Popołudniu ruszyłam z Damonem do lasu do miejsca, gdzie się szczerze pocałowaliśmy. Z westchnieniem wspominam tamten dzień.
Dotarliśmy na miejsce po półtorej godziny.
- To miejsce w ogóle się nie zmieniło - powiedziałam, oglądając każdy szczegół.
Damon się uśmiechnął i w błyskawicznym tempie postawił namiot. Zdjęłam plecak z pleców i postawiłam go przy ognisku.
Poczułam, jak ktoś łapie mnie od tyłu w talii. Mój oddech przyspieszył, a ciało zaczęło się poddawać. Boże, czemu on tak na mnie działa? Czemu tak szybko mu ulegam?
Wzięłam się w garść i odsunęłam się od niego.

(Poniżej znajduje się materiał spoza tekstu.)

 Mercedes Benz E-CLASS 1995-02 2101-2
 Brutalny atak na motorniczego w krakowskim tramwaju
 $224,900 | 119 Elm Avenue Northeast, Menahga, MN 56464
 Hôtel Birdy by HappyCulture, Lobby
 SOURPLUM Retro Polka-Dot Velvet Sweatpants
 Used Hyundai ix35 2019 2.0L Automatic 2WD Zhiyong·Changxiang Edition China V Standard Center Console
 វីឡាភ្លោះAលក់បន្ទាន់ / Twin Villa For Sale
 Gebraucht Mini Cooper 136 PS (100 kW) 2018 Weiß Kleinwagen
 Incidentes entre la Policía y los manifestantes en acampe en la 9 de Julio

Damon najwyraźniej miał już dość moich dziwnych zachowań, bo patrzył na mnie ze surową miną.
- Eleno, co się dzieje? Dziwnie się zachowujesz.

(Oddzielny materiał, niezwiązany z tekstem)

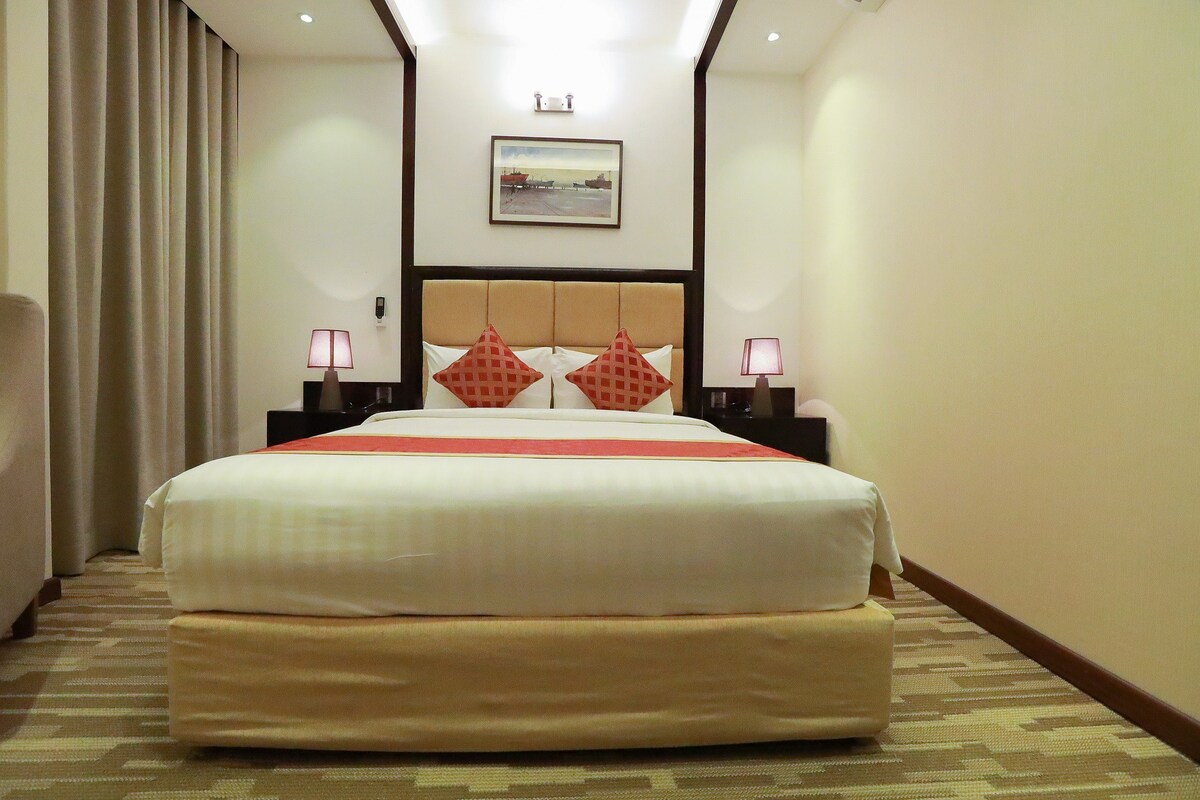 Deluxe room2 with breakfast at Banani AHR, Dhaka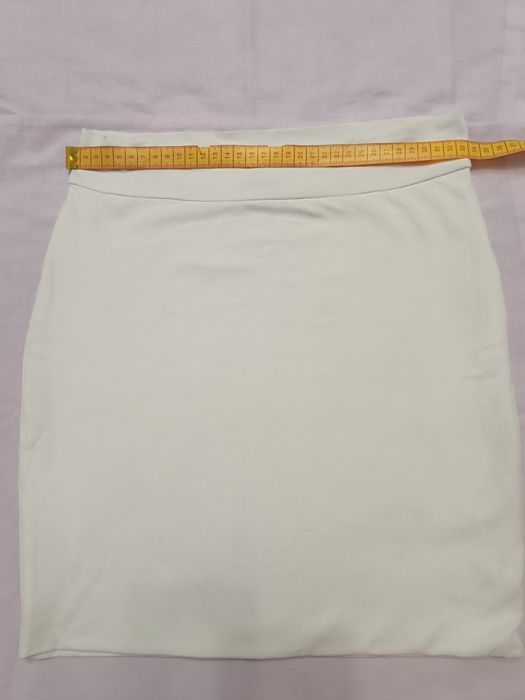 Стильна біла спідниця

- Pójdziemy nad wodospad? – spytałam szybko by uniknąć tematu
Twarz wampira złagodniała. Był zaskoczony tą propozycją.
- Ok, skoro chcesz - powiedział i wyciągnął dwa ręczniki ze swojego plecaka. Ja podeszłam do swojego i wyciągnęłam swój strój kąpielowy.
Poszłam do namiotu się przebrać. Gdy wyszłam Damon stał już na niewielkiej górce.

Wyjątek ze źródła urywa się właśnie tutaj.